Pour ce qui est de l’égalité entre les hommes et les femmes, notamment en ce qui concerne la candidature de femmes à des postes politiques, il serait intéressant de savoir si le Gouvernement a envisagé de recourir à des mesures de discrimination positive. Il serait aussi utile de savoir quel succès ont eu les mesures antidiscriminatoires introduites par le Gouvernement en matière d’accès à la terre et au crédit, et de droits de propriété.

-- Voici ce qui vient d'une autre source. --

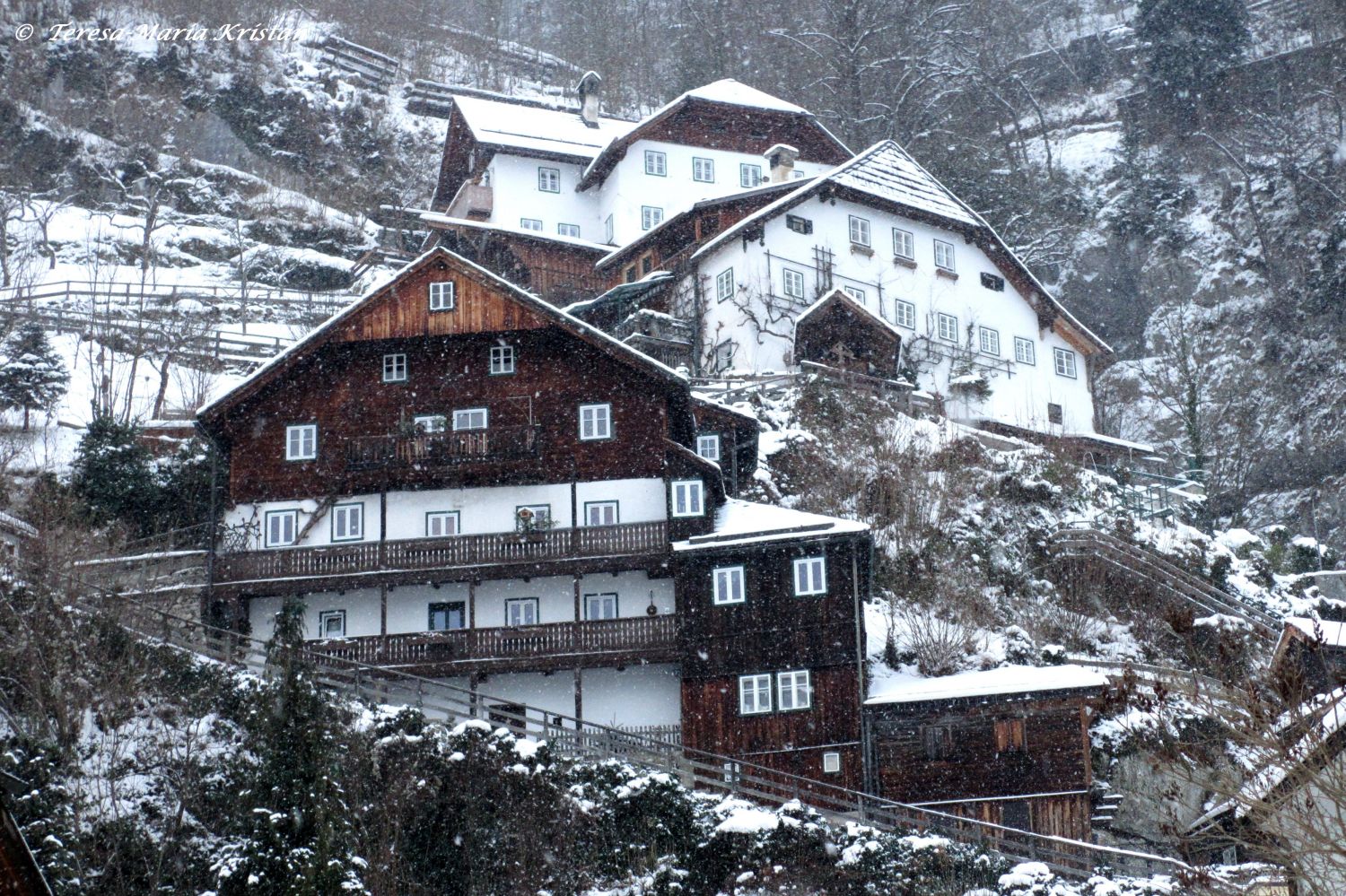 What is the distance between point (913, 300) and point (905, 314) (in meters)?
0.74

M. Castillero Hoyos voudrait savoir quels sont les effets concrets des mesures prises pour lutter contre la «vengeance populaire» et les milices. À ce propos, il a appris qu’un chef milicien avait été libéré récemment et voudrait connaître le motif de cette mesure. Il souhaiterait également en savoir plus sur le sort du sous‑préfet qui avait disparu pendant les années 90 et sur les mesures que prend le Gouvernement pour lutter contre la torture, dont on dit qu’elle est souvent pratiquée par la police et la gendarmerie pendant les interrogatoires. En particulier, il souhaiterait savoir si le Gouvernement a fait le nécessaire pour que les tribunaux ne prennent pas en compte les aveux obtenus sous la torture.

M. KHALIL remercie la délégation de ses précisions sur la Cour constitutionnelle, dont il souligne le rôle de garant des droits de l’homme; la procédure de saisine directe par les particuliers est à cet égard très importante et doit être mieux connue de la population. Il voudrait savoir combien de fois cette procédure a été utilisée et dans combien de cas la victime a effectivement obtenu réparation. Il se demande également si cette procédure est considérée comme un recours judiciaire, au sens de l’article 2 du Pacte.

M. LALLAH qu’il a connaissance du cas d’une personne qui fait l’objet d’une enquête depuis plus de huit ans, ce qui conduit à se demander premièrement pour quelle raison l’enquête n’est toujours pas terminée, et deuxièmement s’il est courant qu’une enquête dure aussi longtemps ou s’il s’agit d’une exception.

M. SOSSA (Bénin) dit que malgré une appellation peut-être trompeuse, les tribunaux de conciliation ne constituent en aucun cas un système parallèle de juridiction, qui concurrencerait les autres organes. Ils n’ont absolument pas compétence pour régler des questions réglées par le Code de la famille, en matière de succession par exemple, ou dans des cas relevant de la législation pénale. Leur raison d’être est de faciliter la conciliation lorsque des particuliers qui ont un litige peu important le souhaitent. Pour dissiper tous les doutes, le texte de loi qui définit les compétences des tribunaux de conciliation sera communiqué au Comité dans les jours suivants.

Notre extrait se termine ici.